BEGIN Data supplied

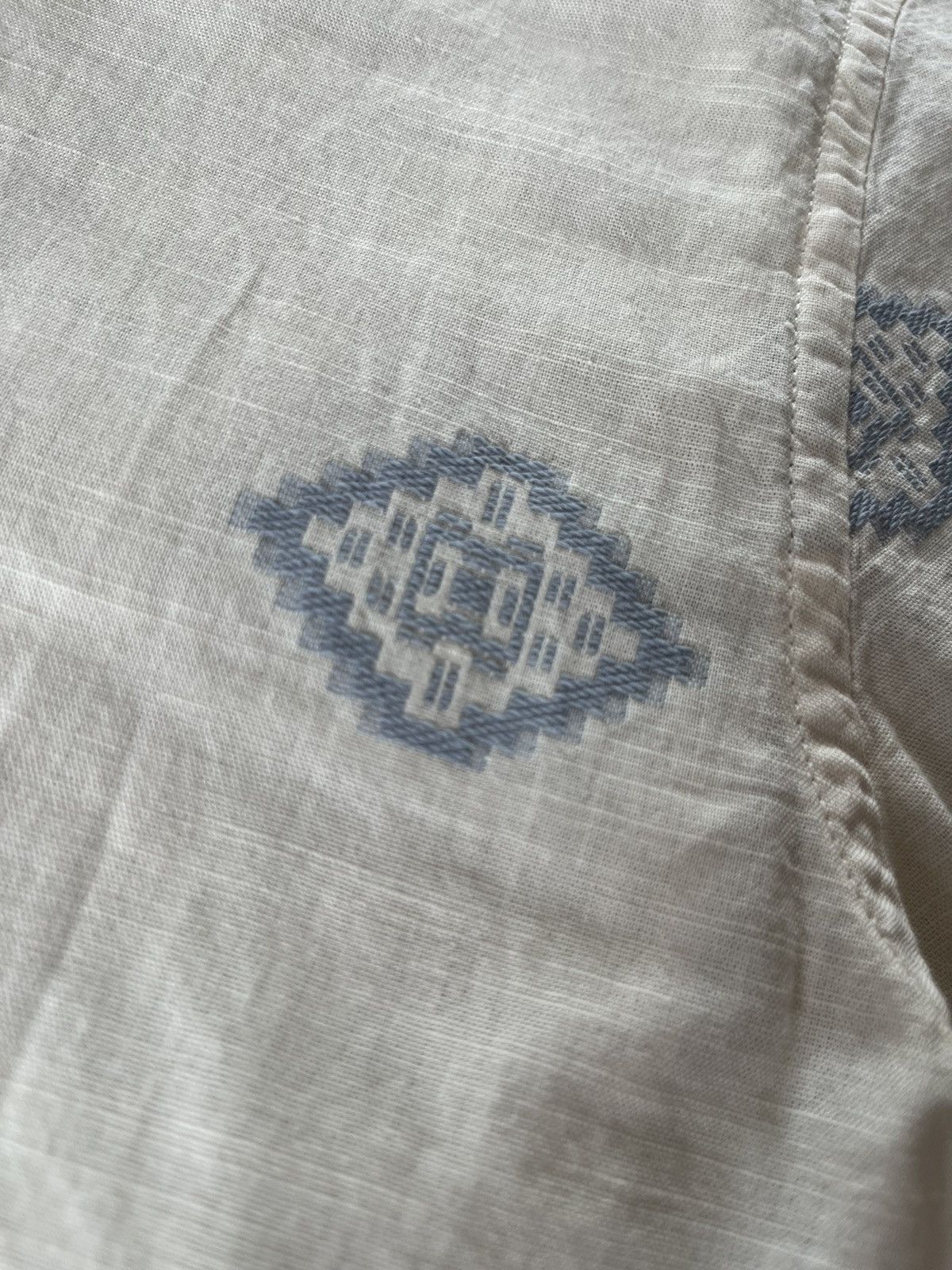 Folk Folk Geometric Diamond Pattern Short Sleeve Shirt Button Up Size US XL / EU 56 / 4 - 5 Thumbnail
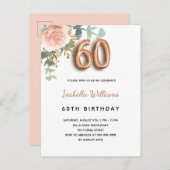 60歳の誕生日フローラバラ金ゴールドユーカリ インビテーションポストカード (正面/裏面)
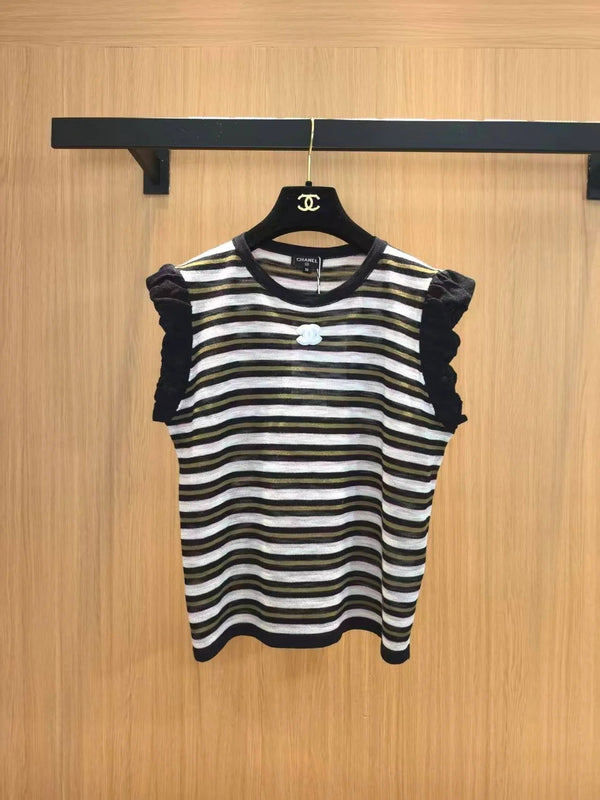 CC 2026 Striped Sleeveless Knit Vest Acrylic 387901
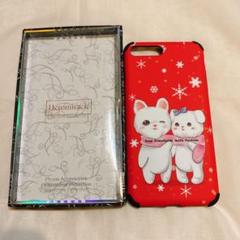 iPhone7plus ケース　猫柄　猫　赤　レッド　可愛い
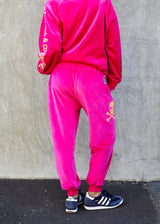 VELOUR TRACK PANTS PINK PRE ORDER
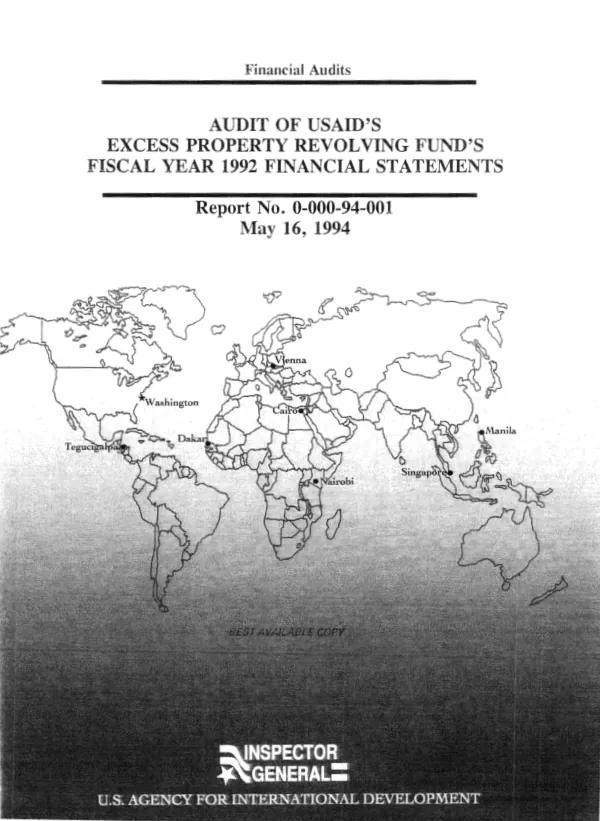Audit of USAID"s excess property revolving fund"s fiscal year 1992 financial statements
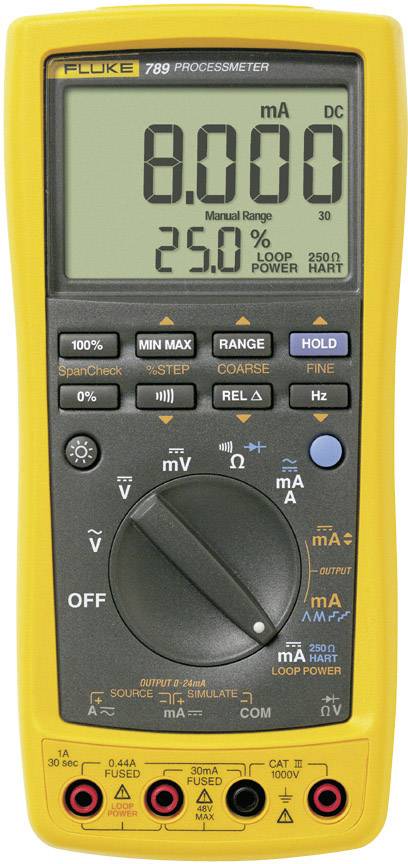 Fluke 789/EUR Hand-Multimeter digital Prozess-Stromausgabe CAT III 1000 V, CAT IV 600V Anzeige (Counts): 30000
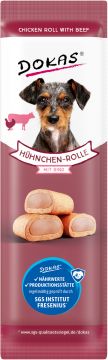 Dokas Dog Hühnchen Rolle mit Rind 10g (Menge: 32 je Bestelleinheit)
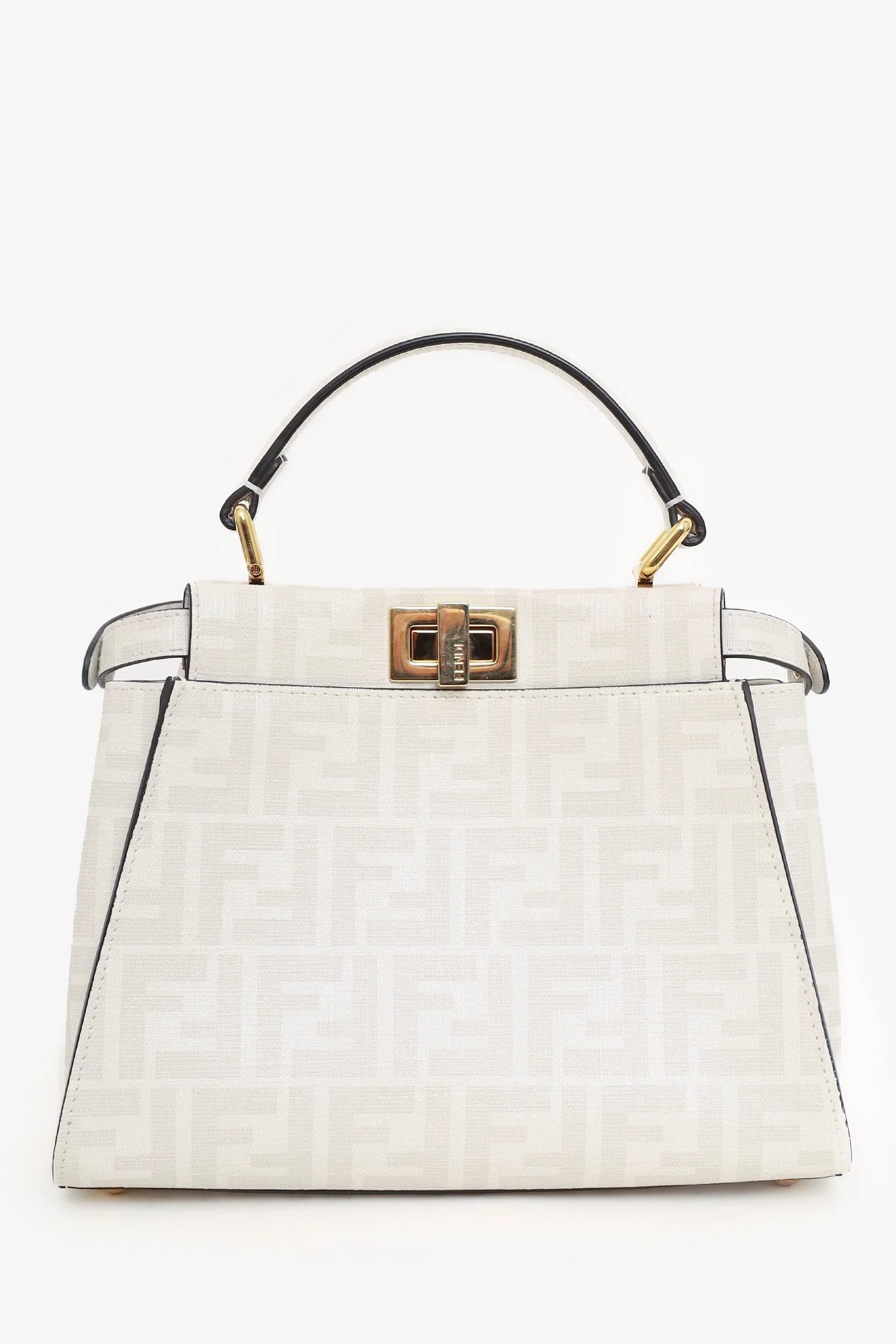 Fendi White/Multicolour Glazed Fabric FF Bikini Girls Mini Peekaboo - Image 5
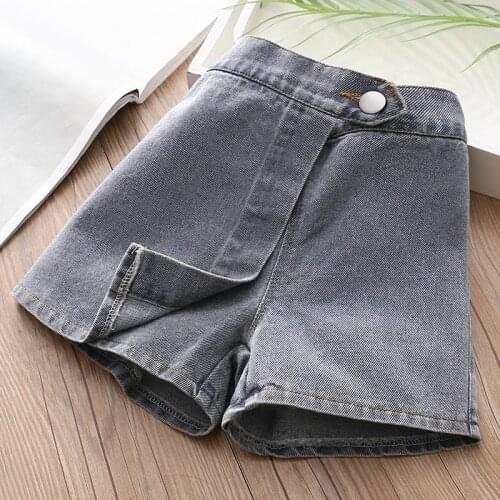2021 Hot Summer Casual New Design 2 3 4 5 6 7 8 9 10 Years Cotton Button Denim Gray Short Culottes Hot Shorts For Kids Baby Girl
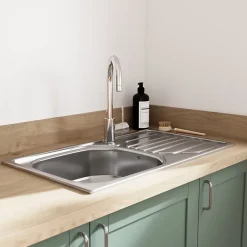 Evier Et Robinet De Buanderie| Évier de cuisine à encastrer 1 bac Turing inox satiné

END Data supplied

What to produce:
Copy all entries exactly; skip pictures.

Your response:
 Folk Folk Geometric Diamond Pattern Short Sleeve Shirt Button Up Size US XL / EU 56 / 4 - 5 Thumbnail
 60歳の誕生日フローラバラ金ゴールドユーカリ インビテーションポストカード (正面/裏面)
 CC 2026 Striped Sleeveless Knit Vest Acrylic 387901
 iPhone7plus ケース　猫柄　猫　赤　レッド　可愛い
 VELOUR TRACK PANTS PINK PRE ORDER
Audit of USAID"s excess property revolving fund"s fiscal year 1992 financial statements
 Fluke 789/EUR Hand-Multimeter digital Prozess-Stromausgabe CAT III 1000 V, CAT IV 600V Anzeige (Counts): 30000
 Dokas Dog Hühnchen Rolle mit Rind 10g (Menge: 32 je Bestelleinheit)
 Fendi White/Multicolour Glazed Fabric FF Bikini Girls Mini Peekaboo - Image 5
2021 Hot Summer Casual New Design 2 3 4 5 6 7 8 9 10 Years Cotton Button Denim Gray Short Culottes Hot Shorts For Kids Baby Girl
 Evier Et Robinet De Buanderie| Évier de cuisine à encastrer 1 bac Turing inox satiné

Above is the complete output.